40) JONATHAN PRYCE
Jonathan Pryce is another one of the old lions of the acting world — his screen credits stretch back to 1972. Yet he told The Telegraph in 2015 that he gets more fan mail for Game of Thrones than for anything else he’s done in his long career (just like Julian Glover), and he almost passed up the show:
"It’s a genre I don’t really respond to very well: swords, sorcery, fantasy things … But … when they sent the script and it was the role of High Sparrow … He has a very good storyline, a great character, and I could see no reason for not doing it. … Nobody emailed saying, ‘Marvellous, you’re doing King Lear, darling!’ But I did get, ‘Wow, you’re doing Game of Thrones!’ (amused) There was a feeling that I’d really made it at last."
A sampling of Pryce’s many film roles includes Mr.
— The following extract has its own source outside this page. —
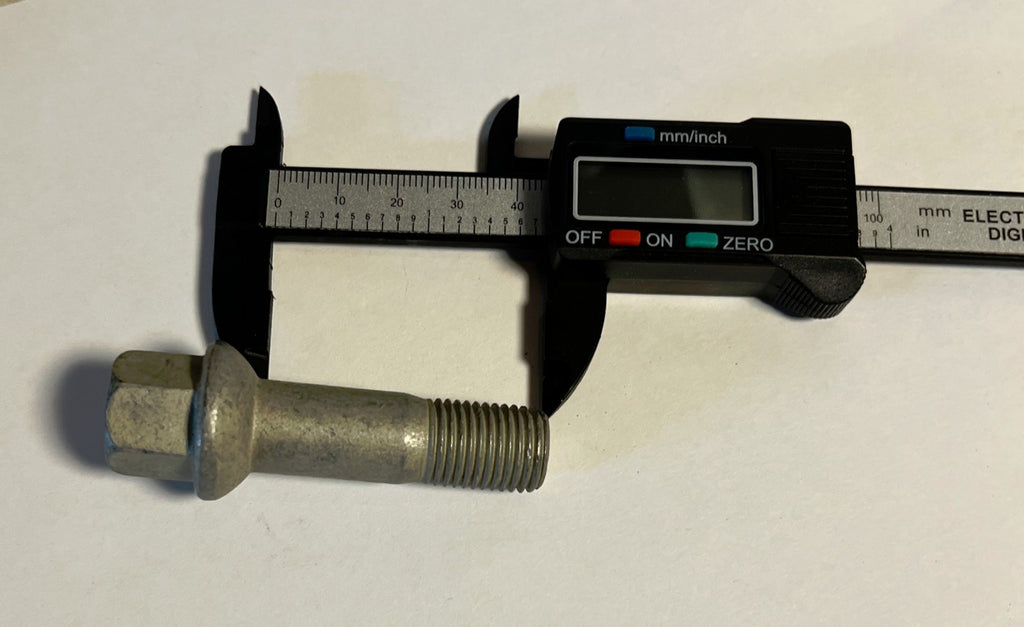 Set of 20 Genuine Mercedes-Benz Wheel Bolts OEM# 0009905307 Made in Germany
Dark in Something Wicked This Way Comes (1985), Juan Peron in Evita (1996), Elliot Carver in Tomorrow Never Dies (1997) and Governor Weatherby Swan in Disney’s The Pirates of The Caribbean film series (3003-2007, above). He hasn’t neglected TV, appearing on notable series such as Roger Doesn’t Live Here Anymore (1981), Selling Hitler (1991), Clone (2008), Wolf Hall (2015) and Taboo (2017, currently airing, with a slew of Thrones alumni).
One of Pryce’s best-remembered performances is of Sam Lowry in Terry Gilliam’s masterpiece Brazil (1985, above, with Charles McKeown). He’s also conquered the stage at the highest levels, with leading roles in classics like Hamlet (for which he won a 1980 Laurence Olivier Award), The Merchant of Venice and King Lear. Like Thrones castmate Julian Glover, Pryce was made a Commander of the Order of the British Empire “for his services to drama.”
In 2017, Pryce can be seen in The Wife and The Man Who Invented Christmas. He’ll be in Terry Gilliam’s The Man Who Killed Don Quixote in 2018.